Due to their gravitational influence, shepherd moons deflect ring particles from their original orbits due to proximity or through orbital resonances. This can carve gaps in the ring system, such as the Encke Gap maintained by Saturn's moon Pan, or lead to the confining of narrow ringlets, such as Saturn's F ring.

==Discovery==
The existence of shepherd moons was theorized in early 1979. Observations of the rings of Uranus show that they are very thin and well defined, with sharp gaps between rings. To explain this, Goldreich and Tremaine suggested that two small satellites that were undetected at the time might be confining each ring. The first images of shepherd satellites were taken later that year by Voyager 1.

==Examples==

=== Jupiter ===
Several of Jupiter's small innermost moons, namely Metis and Adrastea, are within Jupiter's ring system and are also within Jupiter's Roche limit.
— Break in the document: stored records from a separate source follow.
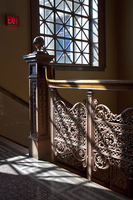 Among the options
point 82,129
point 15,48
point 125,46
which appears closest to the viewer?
point 82,129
It is possible that these rings are composed of material that is being pulled off these two bodies by Jupiter's tidal forces, possibly facilitated by impacts of ring material on their surfaces.

=== Saturn ===
The complex ring system of Saturn has several such satellites. These include Prometheus (F ring), Daphnis (Keeler Gap), Pan (Encke Gap), Janus, and Epimetheus (both A ring).

=== Uranus ===
Uranus also has shepherd moons on its ε ring, Cordelia and Ophelia. They are interior and exterior shepherds, respectively. Both moons are well within Uranus's synchronous orbit radius, and their orbits are therefore slowly decaying due to tidal deceleration.

=== Neptune ===
Neptune's rings are very unusual in that they first appeared to be composed of incomplete arcs in Earth-based observations, but Voyager 2's images showed them to be complete rings with bright clumps. It is thought that the gravitational influence of the shepherd moon Galatea and possibly other as-yet undiscovered shepherd moons are responsible for this clumpiness.

=== Minor planets ===
Rings around some centaurs have been identified. Chariklo's rings are remarkably well-defined and are suspected to either be very young or kept in place by a shepherd moon similar in mass to the rings. Chiron is also thought to have rings similar in form to those of Chariklo.

=== Exoplanets ===
A major gap in the circumstellar disk or large ring system of the free-floating brown dwarf or rogue planet J1407b at about 61 million km (0.4 AU) from its center is considered to be indirect evidence of the existence of an exomoon (or exoplanet) with mass up to 0.8 Earth masses.